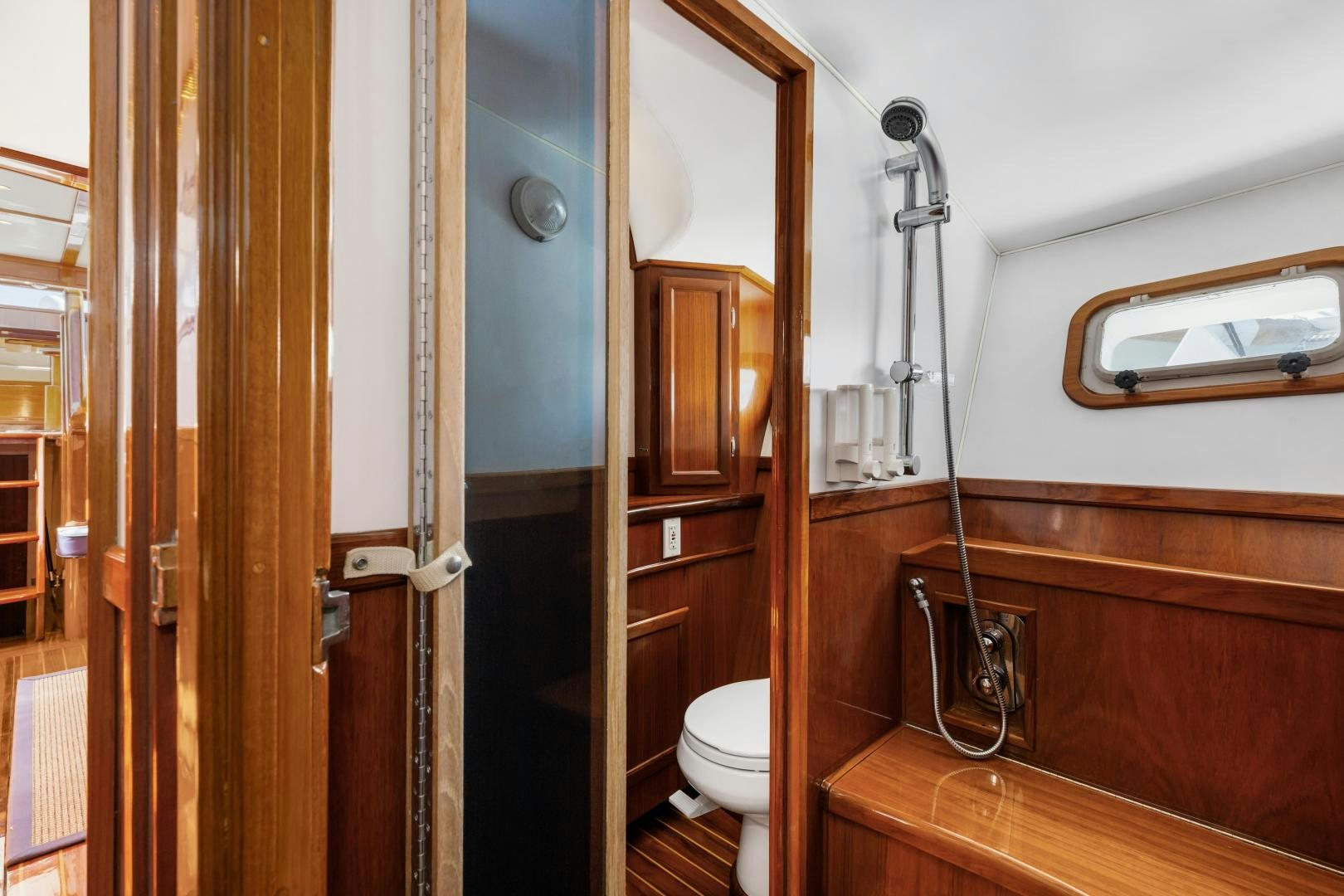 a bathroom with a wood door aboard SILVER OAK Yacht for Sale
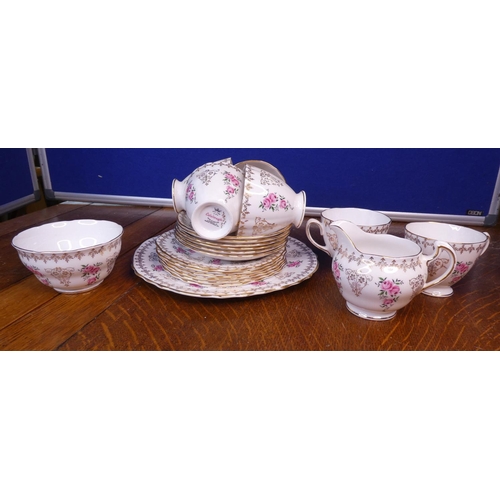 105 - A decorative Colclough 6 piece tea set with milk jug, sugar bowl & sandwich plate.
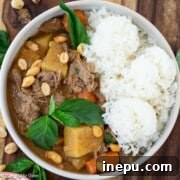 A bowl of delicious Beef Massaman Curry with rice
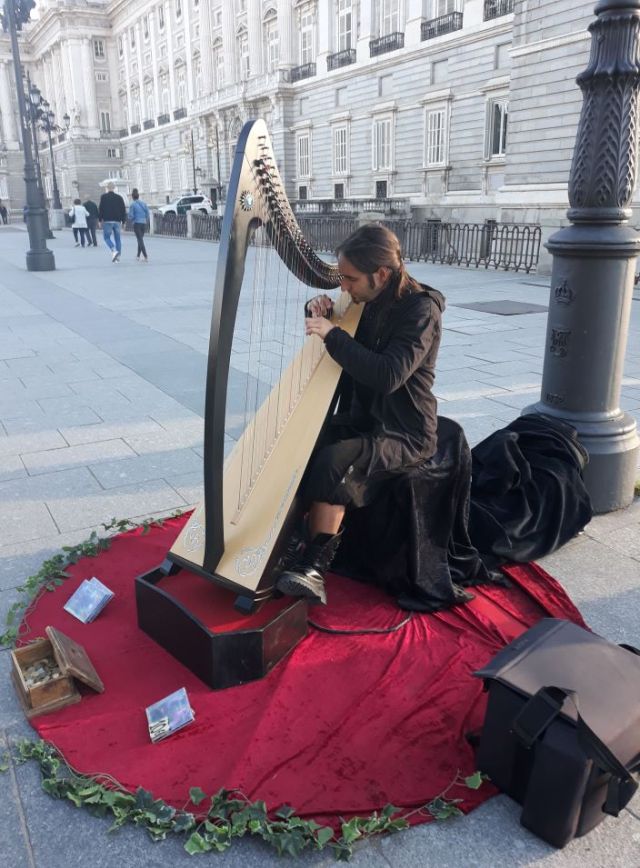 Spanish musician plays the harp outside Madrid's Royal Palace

——

**How to complete this task:** Return the whole listing, word for word, and leave out every picture.

**Final answer:**
 a bathroom with a wood door aboard SILVER OAK Yacht for Sale
 105 - A decorative Colclough 6 piece tea set with milk jug, sugar bowl & sandwich plate.
 A bowl of delicious Beef Massaman Curry with rice
 Spanish musician plays the harp outside Madrid's Royal Palace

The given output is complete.